Em dezembro de 2013 a Assembleia Legislativa aprovou, por unanimidade, Lei instituindo um Programa de Estado para a organização e desenvolvimento do setor leiteiro (PRODELEITE) e, em outra Lei, um Fundo setorial para financiar as ações necessárias (FUNDOLEITE), apropriando modelos vistos na Galícia/Espanha, USA, Canadá, Israel, Holanda, Uruguai e Nova Zelândia, através da Câmara Setorial do Leite do RS, Para operar o modelo estipulou ao Estado conveniar com entidade privada representativa do setor. Surge, para isto, em 2014 o Instituto Gaúcho do Leite (IGL), privado, representativo, constituído por 45 entes ligados ao Setor. Corroborando este esforço, o fato de a cadeia leiteira representar, em 2014, 9,4% do PIB gaúcho.
Desde o início SINDILAT/RS, dois laticínios multinacionais e uma grande Cooperativa foram contra.

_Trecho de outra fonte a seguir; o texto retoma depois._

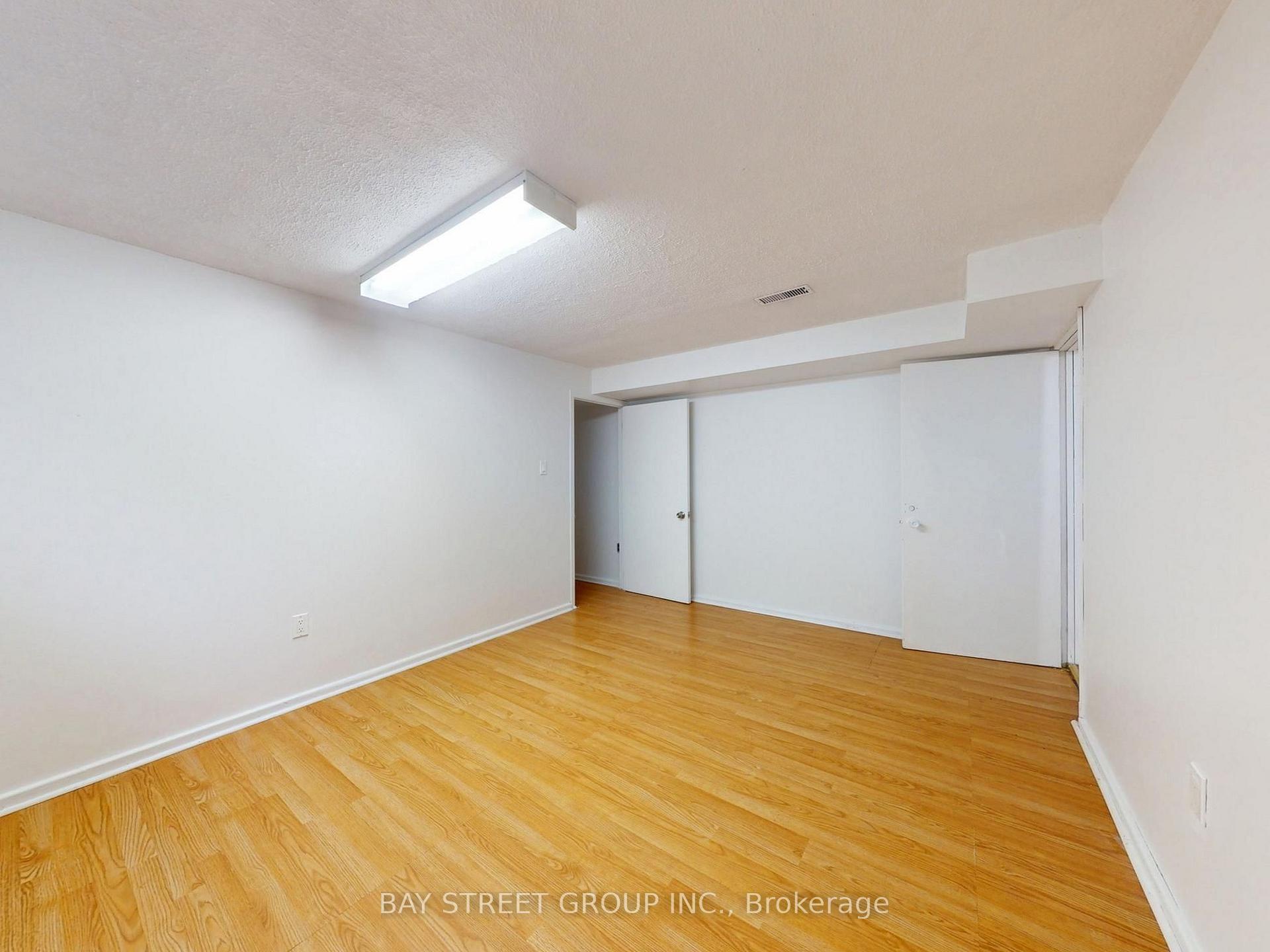 Photo 31 of 6 Moira Avenue, Scarborough, Clairlea-Birchmount — HOMEH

Recolheram o Fundoleite em depósitos judiciais para amparar ações na Justiça, posteriormente vencidas em todas as instâncias. Privaram o Fundo de 49% da arrecadação, prejudicando os trabalhos do IGL, a cadeia leiteira e a economia gaúcha. A partir de 2015, com a complacência do Secretário da Agricultura do Governo Sartori, e ao arrepio da legislação, aqueles poucos desarticulam o IGL e a organização setorial em implantação.
Pois agora, querem editar Decreto Estadual alterando os critérios – previstos em Lei – para uso dos vultosos recursos parados no Fundoleite, ignorando, inclusive a Lei maior, a do Prodeleite que rege todo o modelo.
Aqui, o escândalo. Primeiro, a aberração jurídica: na surdina, alterar uma Lei através de Decreto do Executivo, driblando a chancela dos Deputados. Por segundo, o mecanismo proposto para uso dos recursos do Fundo, inclusive depósitos judiciais vinculados, beneficia o mesmo grupelho.
Trago o fato por exemplificar os bastidores do Poder Público, em todos os níveis. Poucos se articulam para espoliar a larga maioria, valendo-se de pretensa impunidade. E o porquê disto? Um dos fatores, nosso Judiciário: lento e omisso. O outro, nossa omissão.
O caso relatado atinge em cheio a nós “valedotaquarianos”. Grupinho público privado nos afrontou ao desmontar um modelo gestado aqui, sob a liderança de Univates, Codevat, Amvat, CIC Vale do Taquari e Cooperativas Dália/Languiru. Nós e os gaúchos em geral o deixaremos? Se sim, merecemos um sincero muar.